“For
me, a good thriller must teach me something about the real world. Thrillers
like Coma, The Hunt for Red October and The Firm all captivated
me by providing glimpses into realms about which I knew very little - medical
science, submarine technology and the law.” – Dan Brown
Best known for The DaVinci Code and
several subsequent works with the same main character, Dan Brown was born on
this date in 1964 in New Hampshire and grew up on the campus of an elite
private school where his father was a “live-in” teacher.

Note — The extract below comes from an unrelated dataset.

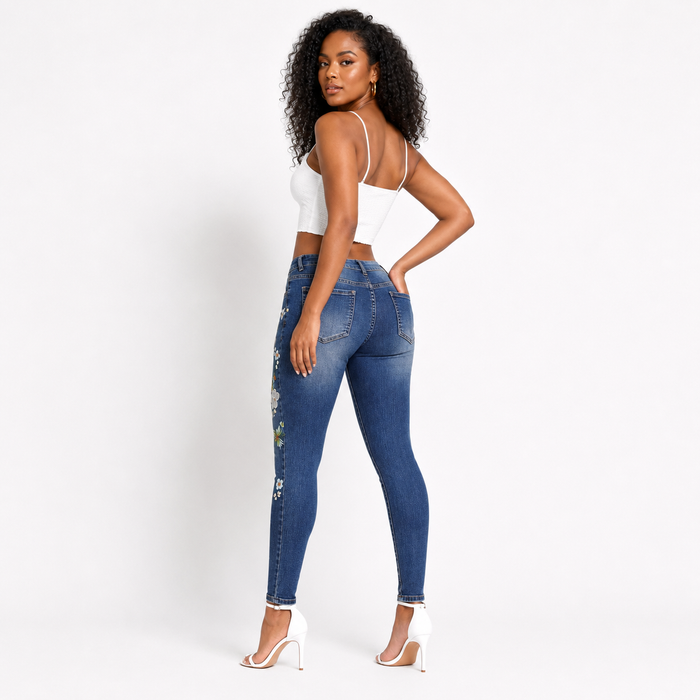 Streetwear blue skinny jeans with floral embroidery, slim fit pencil pants shape, high waist cut, and soft cotton denim style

Although he thought about a teaching
career himself, he seriously considered music instead and was both writing and performing
regularly when his career path took a sharp turn in 1993 while he was on
vacation in Tahiti. While there, he
picked up a copy of Sidney Sheldon’s bestselling thriller The Doomsday Conspiracy and said he was instantly captivated and
decided he, too, wanted to be a writer of thrillers. Brown’s first three books met with little
success before he came up with the idea for DaVinci
and the rest – at least for Brown – is writing history. His books have been translated into 52
languages, and as of 2012, sold over 200 million copies. Three of them, Angels
& Demons, The Da Vinci Code, and Inferno have been
adapted into films.
Brown says he’s a slow writer
because he is constantly striving for the best way to portray each and every
scene. “I often will write a scene from
three different points of view to find out which has the most tension and which
way I'm able to conceal the information I'm trying to conceal,” he
explained. “And that is, at the end of the day, what
writing suspense is all about."
“I still get up every morning at 4
a.m. I write seven days a week,
including Christmas. And I still face a blank page every morning, and my
characters don't really care how many books I've sold.”